For consumption in the Northeast, Zopar has to meet a monthly demand of 10 to 12 lakh flowers during November to April (which is the season of weddings and festivals) and between 3 to 4 lakh flowers between May and October.

“Retail prices for red roses this Valentine’s season will range between Rs 800 and Rs 1000 per bunch depending on quality. Our cost per bunch, including airfare, will touch Rs 500,” he said.

Apart from the major player, there are smaller florists who will cater to a demand for about 5,000 bunches this season across the retail points in the region. A florist in Guwahati’s Ulubari area said that the sale of red roses of the Dutch variety in the Northeast is the highest in Guwahati.

“Sales are invariably high on Valentine’s Day in Shillong and Kohima too. Demand also shoots up on occasions such as All Soul’s Day and Mother’s Day in these cities,” he said.

Florists in general expect the demand to be the highest on February 14 (Valentine’s Day). “This time, Valentine’s Day falls on a Monday, the first working day of the week. So we expect the demand to be highest on that day,” a florist at Roses & Aramis in the Silpukhuri area told EastMojo.

Bunches of red roses ready for delivery among retailers at the wholesale point in Guwahati 

“As it is the demand has been higher after lean seasons due to COVID-19. We are offering a rose for Rs 40 this time, which is higher than the price we sold in 2019 (pre-COVID),” he said.

Online sellers, too, are having a field day in the run up to V-Day as clients prefer convenience, prompt and even midnight delivery, coupled with enticing offers.

“Prices are higher than what it used to be, for obvious reasons.
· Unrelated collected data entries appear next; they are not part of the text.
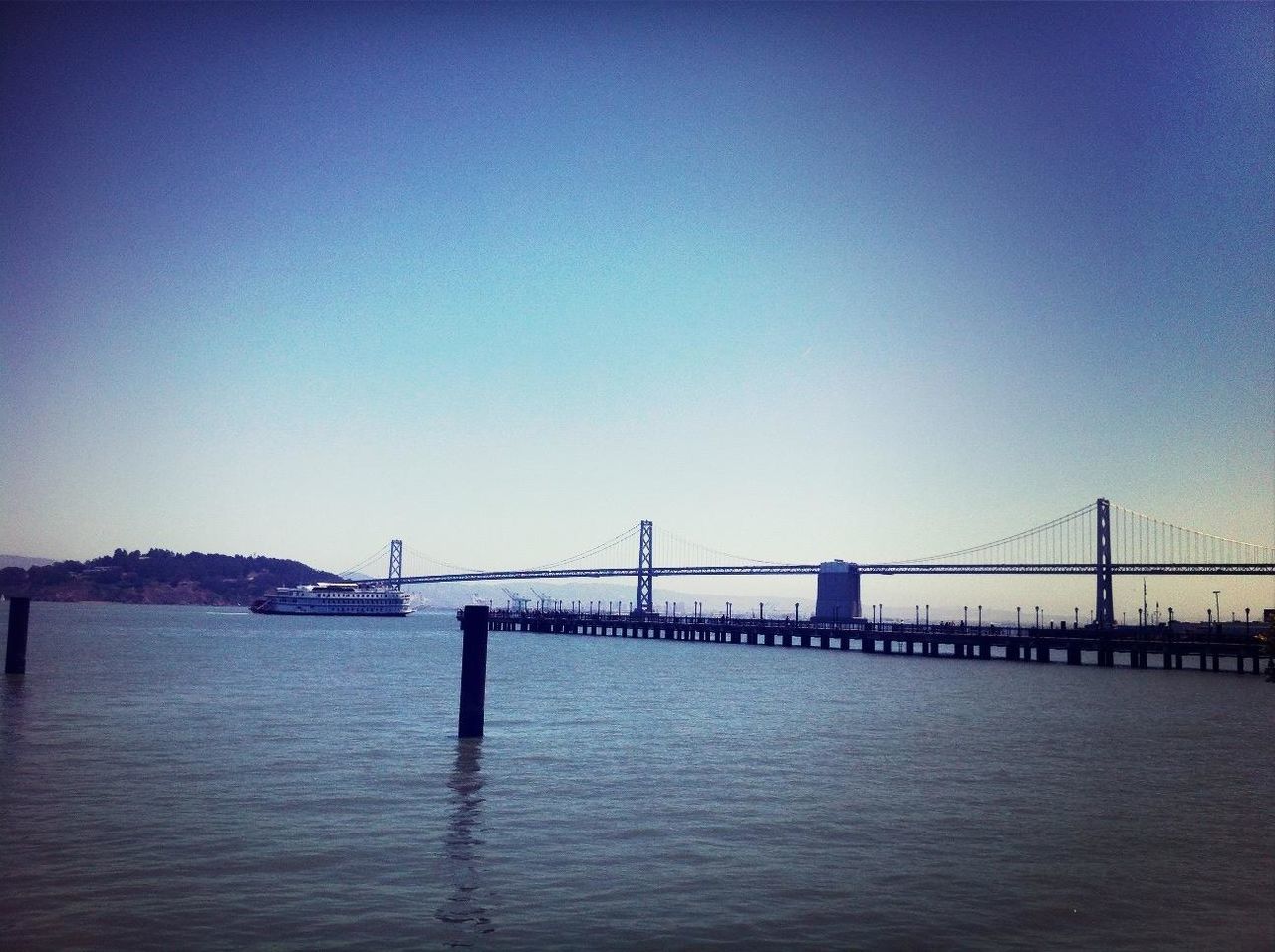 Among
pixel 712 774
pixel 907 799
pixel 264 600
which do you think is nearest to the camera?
pixel 907 799

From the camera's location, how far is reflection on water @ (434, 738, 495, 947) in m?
13.0

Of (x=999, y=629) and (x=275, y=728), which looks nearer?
(x=275, y=728)

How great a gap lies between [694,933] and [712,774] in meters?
11.6

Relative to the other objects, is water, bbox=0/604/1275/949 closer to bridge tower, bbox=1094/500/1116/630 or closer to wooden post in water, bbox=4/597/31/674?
wooden post in water, bbox=4/597/31/674

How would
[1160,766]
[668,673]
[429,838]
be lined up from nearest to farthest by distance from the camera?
[429,838], [1160,766], [668,673]

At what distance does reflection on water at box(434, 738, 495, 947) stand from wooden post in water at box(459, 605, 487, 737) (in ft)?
7.45

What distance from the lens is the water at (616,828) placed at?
1288 cm

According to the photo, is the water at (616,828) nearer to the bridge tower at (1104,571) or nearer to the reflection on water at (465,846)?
the reflection on water at (465,846)

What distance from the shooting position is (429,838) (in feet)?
55.7

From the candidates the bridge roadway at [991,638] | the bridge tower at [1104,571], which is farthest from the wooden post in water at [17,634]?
the bridge tower at [1104,571]

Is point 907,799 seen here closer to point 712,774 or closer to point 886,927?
point 712,774

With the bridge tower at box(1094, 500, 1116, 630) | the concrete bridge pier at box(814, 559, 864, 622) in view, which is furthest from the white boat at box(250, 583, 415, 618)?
the bridge tower at box(1094, 500, 1116, 630)

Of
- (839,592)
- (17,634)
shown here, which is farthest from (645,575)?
(17,634)

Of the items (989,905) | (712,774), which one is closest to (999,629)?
(712,774) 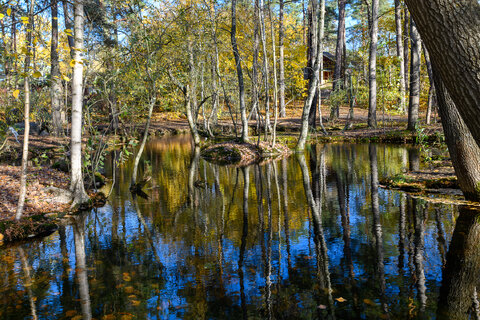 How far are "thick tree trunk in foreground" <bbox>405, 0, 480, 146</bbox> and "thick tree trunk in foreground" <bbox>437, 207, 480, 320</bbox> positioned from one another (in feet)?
7.00

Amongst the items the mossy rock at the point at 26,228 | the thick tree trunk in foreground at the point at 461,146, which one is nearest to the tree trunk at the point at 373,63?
the thick tree trunk in foreground at the point at 461,146

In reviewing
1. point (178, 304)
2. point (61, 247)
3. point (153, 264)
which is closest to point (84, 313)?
point (178, 304)

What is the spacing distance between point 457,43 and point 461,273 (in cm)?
343

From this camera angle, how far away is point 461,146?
25.9 feet

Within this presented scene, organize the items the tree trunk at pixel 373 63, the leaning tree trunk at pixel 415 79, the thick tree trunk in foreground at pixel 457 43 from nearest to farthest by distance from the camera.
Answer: the thick tree trunk in foreground at pixel 457 43 → the leaning tree trunk at pixel 415 79 → the tree trunk at pixel 373 63

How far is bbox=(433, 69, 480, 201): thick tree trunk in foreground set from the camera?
7.84 m

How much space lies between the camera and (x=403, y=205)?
8.93 meters

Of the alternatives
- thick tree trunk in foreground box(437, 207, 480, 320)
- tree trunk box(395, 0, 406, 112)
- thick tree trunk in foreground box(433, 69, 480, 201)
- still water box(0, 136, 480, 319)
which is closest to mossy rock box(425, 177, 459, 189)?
still water box(0, 136, 480, 319)

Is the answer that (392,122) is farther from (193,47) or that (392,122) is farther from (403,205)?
(403,205)

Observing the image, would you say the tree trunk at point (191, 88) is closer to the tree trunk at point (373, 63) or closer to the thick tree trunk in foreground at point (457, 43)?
the tree trunk at point (373, 63)

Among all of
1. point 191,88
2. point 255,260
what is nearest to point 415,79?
point 191,88

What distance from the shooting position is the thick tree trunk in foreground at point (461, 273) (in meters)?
4.30

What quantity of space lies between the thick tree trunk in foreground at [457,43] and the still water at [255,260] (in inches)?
94.8

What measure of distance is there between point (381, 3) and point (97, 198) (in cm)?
3991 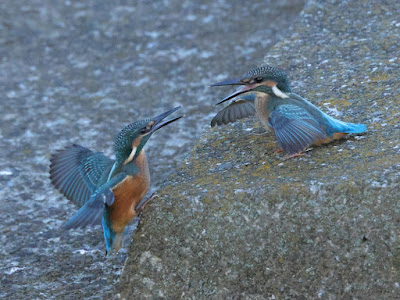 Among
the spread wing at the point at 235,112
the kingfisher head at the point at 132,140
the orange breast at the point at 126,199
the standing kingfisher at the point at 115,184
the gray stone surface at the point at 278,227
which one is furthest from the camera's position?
the spread wing at the point at 235,112

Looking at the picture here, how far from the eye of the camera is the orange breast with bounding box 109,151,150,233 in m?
2.79

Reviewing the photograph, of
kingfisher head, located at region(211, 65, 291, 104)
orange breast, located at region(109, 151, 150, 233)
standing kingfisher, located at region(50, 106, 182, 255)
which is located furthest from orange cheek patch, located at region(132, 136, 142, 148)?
kingfisher head, located at region(211, 65, 291, 104)

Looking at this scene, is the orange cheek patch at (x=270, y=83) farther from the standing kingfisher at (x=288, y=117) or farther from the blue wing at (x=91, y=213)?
the blue wing at (x=91, y=213)

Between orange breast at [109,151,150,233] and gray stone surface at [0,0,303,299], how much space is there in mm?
420

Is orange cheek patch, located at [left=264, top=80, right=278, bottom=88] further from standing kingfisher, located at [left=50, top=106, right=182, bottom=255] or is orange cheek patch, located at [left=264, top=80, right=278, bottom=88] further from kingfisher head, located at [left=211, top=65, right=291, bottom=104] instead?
standing kingfisher, located at [left=50, top=106, right=182, bottom=255]

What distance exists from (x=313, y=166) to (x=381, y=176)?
0.31 meters

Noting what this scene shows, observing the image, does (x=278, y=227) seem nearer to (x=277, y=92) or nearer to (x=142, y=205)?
(x=142, y=205)

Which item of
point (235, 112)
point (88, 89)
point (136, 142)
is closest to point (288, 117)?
point (235, 112)

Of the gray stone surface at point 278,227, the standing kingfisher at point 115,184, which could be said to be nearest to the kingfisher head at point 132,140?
the standing kingfisher at point 115,184

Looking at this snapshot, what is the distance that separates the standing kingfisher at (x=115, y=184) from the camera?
264 cm

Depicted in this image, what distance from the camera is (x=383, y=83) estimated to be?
133 inches

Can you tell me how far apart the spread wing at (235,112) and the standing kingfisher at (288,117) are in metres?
0.14

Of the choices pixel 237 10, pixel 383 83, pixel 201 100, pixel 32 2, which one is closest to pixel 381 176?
pixel 383 83

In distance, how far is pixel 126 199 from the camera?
2.79 m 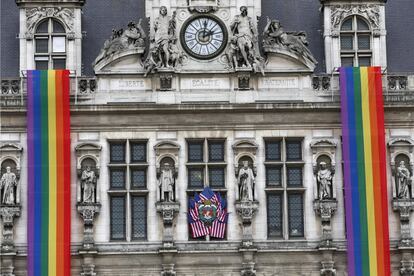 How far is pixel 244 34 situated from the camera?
46.9 m

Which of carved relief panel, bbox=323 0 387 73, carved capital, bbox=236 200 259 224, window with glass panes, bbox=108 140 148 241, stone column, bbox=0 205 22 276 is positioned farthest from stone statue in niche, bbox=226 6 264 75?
stone column, bbox=0 205 22 276

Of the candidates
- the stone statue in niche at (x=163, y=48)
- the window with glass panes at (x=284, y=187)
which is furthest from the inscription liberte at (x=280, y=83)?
the stone statue in niche at (x=163, y=48)

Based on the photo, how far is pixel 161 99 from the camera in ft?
153

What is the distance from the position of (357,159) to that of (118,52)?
29.8 ft

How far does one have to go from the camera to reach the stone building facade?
45625 mm

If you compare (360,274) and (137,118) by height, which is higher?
(137,118)

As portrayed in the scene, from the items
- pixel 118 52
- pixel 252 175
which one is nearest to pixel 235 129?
pixel 252 175

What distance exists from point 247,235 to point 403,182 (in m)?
5.66

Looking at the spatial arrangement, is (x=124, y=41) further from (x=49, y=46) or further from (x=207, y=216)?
(x=207, y=216)

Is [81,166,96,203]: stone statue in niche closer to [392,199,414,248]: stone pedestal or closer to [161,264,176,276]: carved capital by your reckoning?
[161,264,176,276]: carved capital

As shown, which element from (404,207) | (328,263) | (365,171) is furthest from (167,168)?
(404,207)

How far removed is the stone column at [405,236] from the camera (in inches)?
1791

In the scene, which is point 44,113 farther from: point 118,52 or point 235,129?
point 235,129

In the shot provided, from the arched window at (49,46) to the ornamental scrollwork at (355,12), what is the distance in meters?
9.71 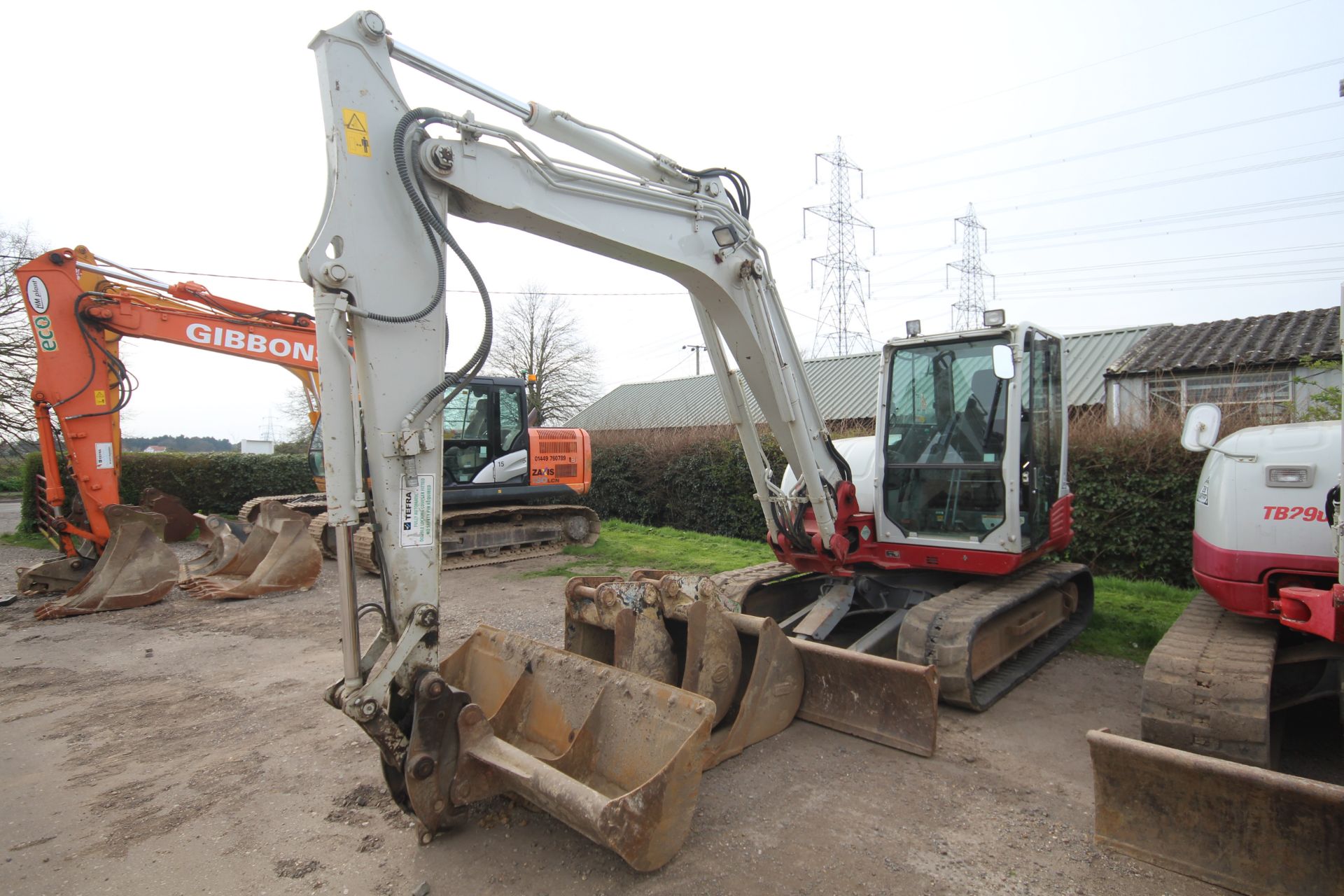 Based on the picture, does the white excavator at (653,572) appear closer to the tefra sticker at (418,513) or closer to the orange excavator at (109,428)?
the tefra sticker at (418,513)

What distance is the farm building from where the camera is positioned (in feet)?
33.7

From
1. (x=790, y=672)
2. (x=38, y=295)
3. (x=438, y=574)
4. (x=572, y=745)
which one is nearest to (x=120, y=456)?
(x=38, y=295)

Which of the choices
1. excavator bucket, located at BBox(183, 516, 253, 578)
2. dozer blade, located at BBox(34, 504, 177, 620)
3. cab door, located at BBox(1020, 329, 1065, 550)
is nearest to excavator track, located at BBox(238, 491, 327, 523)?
excavator bucket, located at BBox(183, 516, 253, 578)

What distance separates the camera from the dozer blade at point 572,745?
272 centimetres

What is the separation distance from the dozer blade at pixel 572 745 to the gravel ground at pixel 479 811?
0.25 m

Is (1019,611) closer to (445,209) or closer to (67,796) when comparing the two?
(445,209)

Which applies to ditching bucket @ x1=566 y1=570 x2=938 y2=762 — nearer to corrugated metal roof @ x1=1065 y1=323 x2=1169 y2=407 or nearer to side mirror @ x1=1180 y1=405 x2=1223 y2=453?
side mirror @ x1=1180 y1=405 x2=1223 y2=453

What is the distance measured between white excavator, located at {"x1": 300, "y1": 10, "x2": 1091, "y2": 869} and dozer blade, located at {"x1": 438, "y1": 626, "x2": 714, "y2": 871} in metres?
0.01

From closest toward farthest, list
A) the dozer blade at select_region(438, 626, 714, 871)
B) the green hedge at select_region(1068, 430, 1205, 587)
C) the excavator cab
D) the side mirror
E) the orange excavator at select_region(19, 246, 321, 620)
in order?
the dozer blade at select_region(438, 626, 714, 871)
the side mirror
the excavator cab
the green hedge at select_region(1068, 430, 1205, 587)
the orange excavator at select_region(19, 246, 321, 620)

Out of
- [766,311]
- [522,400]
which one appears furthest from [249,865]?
[522,400]

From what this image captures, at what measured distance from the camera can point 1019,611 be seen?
5152 millimetres

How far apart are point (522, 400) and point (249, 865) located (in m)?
8.04

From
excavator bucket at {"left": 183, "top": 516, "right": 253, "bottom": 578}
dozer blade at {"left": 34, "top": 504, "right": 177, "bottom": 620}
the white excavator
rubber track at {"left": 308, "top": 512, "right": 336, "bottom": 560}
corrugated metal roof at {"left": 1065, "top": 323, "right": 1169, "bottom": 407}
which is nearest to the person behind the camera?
the white excavator

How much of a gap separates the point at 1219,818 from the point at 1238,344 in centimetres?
1230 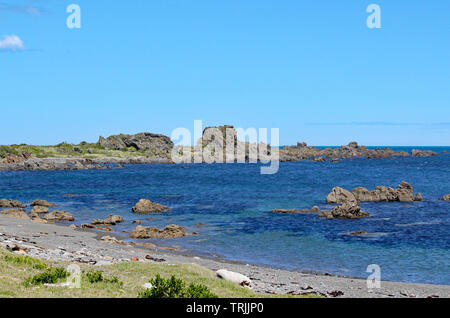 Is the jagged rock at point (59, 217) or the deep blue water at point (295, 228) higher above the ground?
the jagged rock at point (59, 217)

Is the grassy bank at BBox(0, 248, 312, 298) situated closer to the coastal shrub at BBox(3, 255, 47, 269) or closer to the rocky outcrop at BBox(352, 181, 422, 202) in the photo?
the coastal shrub at BBox(3, 255, 47, 269)

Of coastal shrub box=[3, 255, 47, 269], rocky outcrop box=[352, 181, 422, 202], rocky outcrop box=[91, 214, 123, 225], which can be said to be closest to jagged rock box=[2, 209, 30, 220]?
rocky outcrop box=[91, 214, 123, 225]

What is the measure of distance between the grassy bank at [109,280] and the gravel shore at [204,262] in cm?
254

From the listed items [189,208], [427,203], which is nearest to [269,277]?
[189,208]

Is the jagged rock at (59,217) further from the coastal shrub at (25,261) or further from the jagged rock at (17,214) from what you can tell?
the coastal shrub at (25,261)

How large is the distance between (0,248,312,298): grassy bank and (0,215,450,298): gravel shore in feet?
8.32

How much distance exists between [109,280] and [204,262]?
12.1 meters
Costs are relatively higher this time. But the demand has been high given the string of lean patches in the past two years. We have had more online bookings and store sales for Valentine’s Day,” said a salesperson at a franchise of Ferns N Petals (the country’s largest flower and gifts retailer) in the Christian Basti area here. 

The gift shops here, too, are attracting cupid-struck couples, make no mistake! 

Red heart-shaped pillows, teddy bears, mugs engraved with messages, greeting cards and chocolates of varied flavours are selling thick and fast, for obvious reasons.